*REQUIRED ACTION*.
Show, in full, each line of the data that contains "Drive".

Stored records

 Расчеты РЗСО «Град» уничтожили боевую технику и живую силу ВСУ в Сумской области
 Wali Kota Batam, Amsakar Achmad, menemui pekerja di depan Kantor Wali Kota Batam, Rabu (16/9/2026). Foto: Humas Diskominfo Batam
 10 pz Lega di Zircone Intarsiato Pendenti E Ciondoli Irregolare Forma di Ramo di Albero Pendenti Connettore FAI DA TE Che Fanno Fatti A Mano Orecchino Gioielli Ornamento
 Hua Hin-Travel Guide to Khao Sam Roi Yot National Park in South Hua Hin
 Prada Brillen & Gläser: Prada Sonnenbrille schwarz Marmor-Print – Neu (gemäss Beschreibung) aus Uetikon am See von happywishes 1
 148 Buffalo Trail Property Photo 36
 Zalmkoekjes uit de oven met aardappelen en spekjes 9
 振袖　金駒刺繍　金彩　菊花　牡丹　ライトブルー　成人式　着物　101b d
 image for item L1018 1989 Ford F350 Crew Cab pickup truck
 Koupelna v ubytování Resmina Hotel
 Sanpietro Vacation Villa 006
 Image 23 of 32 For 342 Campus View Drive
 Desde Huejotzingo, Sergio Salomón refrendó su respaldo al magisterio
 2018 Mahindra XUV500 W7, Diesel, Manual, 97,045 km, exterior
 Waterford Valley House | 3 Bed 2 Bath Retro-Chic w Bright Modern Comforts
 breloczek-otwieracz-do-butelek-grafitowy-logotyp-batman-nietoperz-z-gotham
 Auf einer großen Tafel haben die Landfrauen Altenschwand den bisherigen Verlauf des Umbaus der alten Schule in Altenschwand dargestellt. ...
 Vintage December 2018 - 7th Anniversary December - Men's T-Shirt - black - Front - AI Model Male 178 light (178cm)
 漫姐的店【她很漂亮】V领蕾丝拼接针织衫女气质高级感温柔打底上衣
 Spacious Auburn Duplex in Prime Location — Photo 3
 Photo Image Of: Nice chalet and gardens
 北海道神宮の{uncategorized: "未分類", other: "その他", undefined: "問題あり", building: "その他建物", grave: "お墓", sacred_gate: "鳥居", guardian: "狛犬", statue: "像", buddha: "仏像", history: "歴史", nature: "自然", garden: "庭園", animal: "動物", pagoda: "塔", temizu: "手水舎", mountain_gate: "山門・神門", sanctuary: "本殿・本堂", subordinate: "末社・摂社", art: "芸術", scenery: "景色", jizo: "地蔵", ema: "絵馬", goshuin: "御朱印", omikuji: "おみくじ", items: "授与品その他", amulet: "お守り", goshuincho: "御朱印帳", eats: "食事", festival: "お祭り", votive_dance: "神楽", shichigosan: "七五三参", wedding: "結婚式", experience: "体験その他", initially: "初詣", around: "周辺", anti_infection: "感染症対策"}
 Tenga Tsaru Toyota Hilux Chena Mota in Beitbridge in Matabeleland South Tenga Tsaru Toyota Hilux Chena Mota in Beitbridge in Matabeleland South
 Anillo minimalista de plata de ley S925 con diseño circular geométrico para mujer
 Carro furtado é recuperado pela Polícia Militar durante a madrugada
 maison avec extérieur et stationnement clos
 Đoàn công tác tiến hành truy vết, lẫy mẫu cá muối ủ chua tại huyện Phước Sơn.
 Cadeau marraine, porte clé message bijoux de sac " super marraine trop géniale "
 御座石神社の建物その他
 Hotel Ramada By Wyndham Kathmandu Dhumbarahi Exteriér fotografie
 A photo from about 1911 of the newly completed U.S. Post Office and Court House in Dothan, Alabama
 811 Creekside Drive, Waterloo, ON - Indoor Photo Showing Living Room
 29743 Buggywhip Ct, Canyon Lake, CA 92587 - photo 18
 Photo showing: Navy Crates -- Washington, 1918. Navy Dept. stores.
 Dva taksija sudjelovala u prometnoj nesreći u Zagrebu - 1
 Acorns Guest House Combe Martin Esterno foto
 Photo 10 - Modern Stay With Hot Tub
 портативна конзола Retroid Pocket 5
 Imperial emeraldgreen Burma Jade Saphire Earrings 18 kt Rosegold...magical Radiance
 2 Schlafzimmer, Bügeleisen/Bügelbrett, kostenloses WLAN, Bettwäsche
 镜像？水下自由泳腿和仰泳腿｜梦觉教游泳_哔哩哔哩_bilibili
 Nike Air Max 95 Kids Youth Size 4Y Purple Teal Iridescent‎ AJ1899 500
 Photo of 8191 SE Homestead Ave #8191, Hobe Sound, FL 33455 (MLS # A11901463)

*WRITTEN SOLUTION*.
 Image 23 of 32 For 342 Campus View Drive
 811 Creekside Drive, Waterloo, ON - Indoor Photo Showing Living Room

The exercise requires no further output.